A few dumbells and some extra plates for both them and the EZ bar.
I used to do a lot of kettlebell training, I qualified for the nationals in the snatch event some years ago, but ended up injuring my wrist a month before the competition, so unfortunately I had to cancel my participation. Now I mostly use them for swings - I have 12kg, 18kg, 24kg, 32kg, and the monster it self - 64kg.
The jump from 32 to 64 is quite big, so I might get myself a 48 kilo kettlebell one day.
Weight plates are obviously needed for weight training.
I have a bunch of cast iron plates from strengthshop and some plastic coated. They are both the cheapest that I could find.
I've decided not to buy bumper plates, since I don't do a whole lot of olympic weightlifting. Maybe I will get some in the future.
I bought two sets of plates with various sizes. My idea was that in case I would be using more than one kind of barbell for supersets or similar workouts, then I would always have plates enough for both bars - but it turned out that I rarely do that kind of workouts. So I would have been better of with some more 20 kilo plates - I'm more likely to out-lift those that I have.
So more plates will probably be in one of my next orders.
I recently invested in this plate rack - once again I went for the cheapest. My plates used to lie on the floor, but that took up way too much space.
The plate rack is from "Gorilla Sports" - on the cardboard box it says it's "Professional gym equipment for everyone" - this rack is way too unstable and poorly made to be called professional.
The welds should have been better and more welds are needed. The bolt holes are to large, giving the bolt to much space to move around in.
Maybe I'll build one myself if I don't stumble upon a good used rack.
Up here I store my belt and all my resistance bands.
Here I have a beastmaker fingerboard that I use for pullups, it's really good for strengthening the fingers and forearms. This fingerboard takes up less space than must pull-up bars.

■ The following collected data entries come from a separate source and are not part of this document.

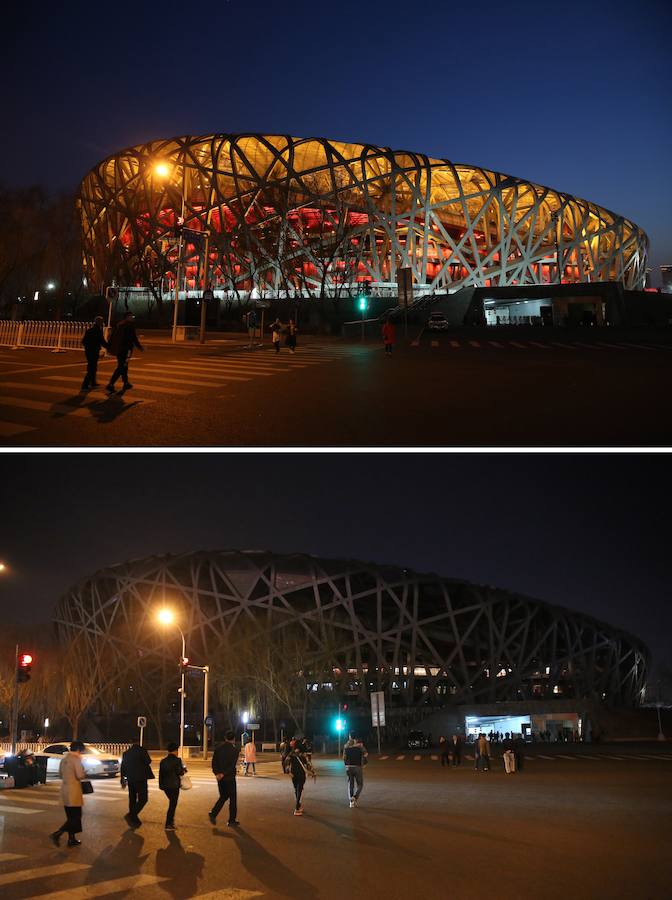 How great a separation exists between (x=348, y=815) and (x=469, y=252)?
340 ft

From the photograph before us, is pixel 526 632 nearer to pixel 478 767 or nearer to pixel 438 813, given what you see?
pixel 478 767

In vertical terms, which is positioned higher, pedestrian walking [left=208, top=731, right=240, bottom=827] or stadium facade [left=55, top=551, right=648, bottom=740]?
stadium facade [left=55, top=551, right=648, bottom=740]

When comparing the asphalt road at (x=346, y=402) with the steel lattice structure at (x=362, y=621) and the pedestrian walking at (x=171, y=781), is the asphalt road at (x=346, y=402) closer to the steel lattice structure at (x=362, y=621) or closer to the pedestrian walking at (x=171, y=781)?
the pedestrian walking at (x=171, y=781)

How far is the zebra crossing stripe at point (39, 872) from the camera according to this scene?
802cm

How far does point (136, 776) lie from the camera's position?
11.9 meters

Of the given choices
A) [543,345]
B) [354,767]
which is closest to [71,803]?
[354,767]

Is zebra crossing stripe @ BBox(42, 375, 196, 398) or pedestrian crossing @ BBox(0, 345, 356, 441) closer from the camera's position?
pedestrian crossing @ BBox(0, 345, 356, 441)

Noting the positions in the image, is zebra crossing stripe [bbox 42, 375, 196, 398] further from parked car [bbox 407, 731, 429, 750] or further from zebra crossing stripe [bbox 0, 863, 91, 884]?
parked car [bbox 407, 731, 429, 750]

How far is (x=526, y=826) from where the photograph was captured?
11.1 m

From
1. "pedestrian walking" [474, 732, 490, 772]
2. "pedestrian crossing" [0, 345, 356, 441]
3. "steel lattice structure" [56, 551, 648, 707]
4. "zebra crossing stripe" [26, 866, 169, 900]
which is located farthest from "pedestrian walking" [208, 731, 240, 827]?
"steel lattice structure" [56, 551, 648, 707]

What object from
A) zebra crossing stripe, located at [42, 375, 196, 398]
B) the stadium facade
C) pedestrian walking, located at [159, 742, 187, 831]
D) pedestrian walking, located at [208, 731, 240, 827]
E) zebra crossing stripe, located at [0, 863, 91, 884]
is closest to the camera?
zebra crossing stripe, located at [0, 863, 91, 884]

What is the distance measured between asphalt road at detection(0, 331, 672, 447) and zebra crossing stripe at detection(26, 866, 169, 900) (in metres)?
7.04

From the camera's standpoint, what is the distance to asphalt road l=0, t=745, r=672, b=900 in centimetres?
748

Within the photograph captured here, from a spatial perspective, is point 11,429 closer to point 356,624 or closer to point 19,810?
point 19,810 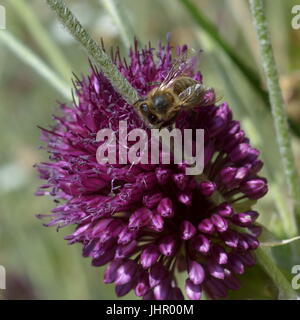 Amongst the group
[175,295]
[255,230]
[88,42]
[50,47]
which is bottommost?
[175,295]

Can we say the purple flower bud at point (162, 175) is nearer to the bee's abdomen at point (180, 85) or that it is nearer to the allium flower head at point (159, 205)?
the allium flower head at point (159, 205)

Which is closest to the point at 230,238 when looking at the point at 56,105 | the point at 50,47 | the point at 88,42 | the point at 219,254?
the point at 219,254

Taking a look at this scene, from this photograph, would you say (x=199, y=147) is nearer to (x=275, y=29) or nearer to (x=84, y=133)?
(x=84, y=133)

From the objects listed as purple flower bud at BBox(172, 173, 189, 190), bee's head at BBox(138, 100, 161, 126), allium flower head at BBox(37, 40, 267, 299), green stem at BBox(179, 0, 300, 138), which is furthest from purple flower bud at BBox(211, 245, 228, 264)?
green stem at BBox(179, 0, 300, 138)

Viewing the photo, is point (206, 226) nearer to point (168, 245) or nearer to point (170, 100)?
point (168, 245)

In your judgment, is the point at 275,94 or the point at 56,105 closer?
the point at 275,94

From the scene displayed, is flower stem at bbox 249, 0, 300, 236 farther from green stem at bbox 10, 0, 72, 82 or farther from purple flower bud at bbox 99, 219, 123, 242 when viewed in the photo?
green stem at bbox 10, 0, 72, 82

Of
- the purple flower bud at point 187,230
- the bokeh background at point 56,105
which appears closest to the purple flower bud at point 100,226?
the purple flower bud at point 187,230

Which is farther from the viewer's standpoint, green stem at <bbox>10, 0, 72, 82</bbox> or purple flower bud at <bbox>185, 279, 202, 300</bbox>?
green stem at <bbox>10, 0, 72, 82</bbox> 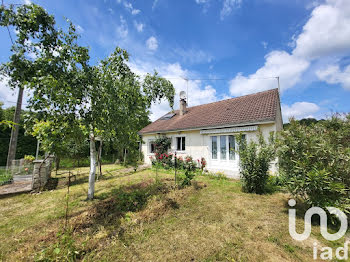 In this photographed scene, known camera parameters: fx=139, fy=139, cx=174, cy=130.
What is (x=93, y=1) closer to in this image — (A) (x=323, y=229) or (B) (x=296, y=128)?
(B) (x=296, y=128)

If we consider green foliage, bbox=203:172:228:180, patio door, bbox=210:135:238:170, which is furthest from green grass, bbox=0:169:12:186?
patio door, bbox=210:135:238:170

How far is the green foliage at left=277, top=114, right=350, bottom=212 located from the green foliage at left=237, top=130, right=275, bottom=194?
1.12 metres

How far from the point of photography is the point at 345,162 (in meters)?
4.39

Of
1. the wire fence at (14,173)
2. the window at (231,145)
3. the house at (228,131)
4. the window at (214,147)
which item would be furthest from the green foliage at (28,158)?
the window at (231,145)

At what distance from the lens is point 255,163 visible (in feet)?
22.3

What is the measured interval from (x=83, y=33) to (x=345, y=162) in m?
10.4

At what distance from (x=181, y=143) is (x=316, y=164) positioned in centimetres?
1072

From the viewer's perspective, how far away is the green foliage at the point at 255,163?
666 centimetres

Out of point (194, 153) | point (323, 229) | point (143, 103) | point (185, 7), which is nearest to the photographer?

So that's my tiny home gym - but wait, there's more.
Perhaps you've seen me do some training outdoors in some of my videos.
During summer, I mostly train outdoors, and I have some extra equipment that I only use outside.
I have a wooden structure from where I can do rope climbs, that's also where I put my gymnastic rings. I also use the structure for wall balls.
I'll put a chain through my fatbar and use it as a chain yoke.
I also have a homemade plybox that I use for box jumps.
And I do farmer walks with my trapbar.
I picked up an old tractor tire and a sledgehammer a few weeks ago. With those I can do exercises such as tire flips and tire slams - even though it's dark and quite cold outside at this time of the year, I might do some outdoor training once in while.
So my recommendations are:
Store and organize your equipment
Buy equipment that matches your current fitness level
buy used gear if you are OK with that. On many second hand websites you can set up to be notified when specific articles is for sale. High end equipment such as olympic bars and plates from known brands usually get sold very fast.
If you buy used, make sure to check it out properly - is the barbell even, are there any cracks in the plates, is the rack sturdy and so on.
And if you are good with tools, then you can save a lot of money by making some custom equipment by yourself. There many DIY guides on the internet.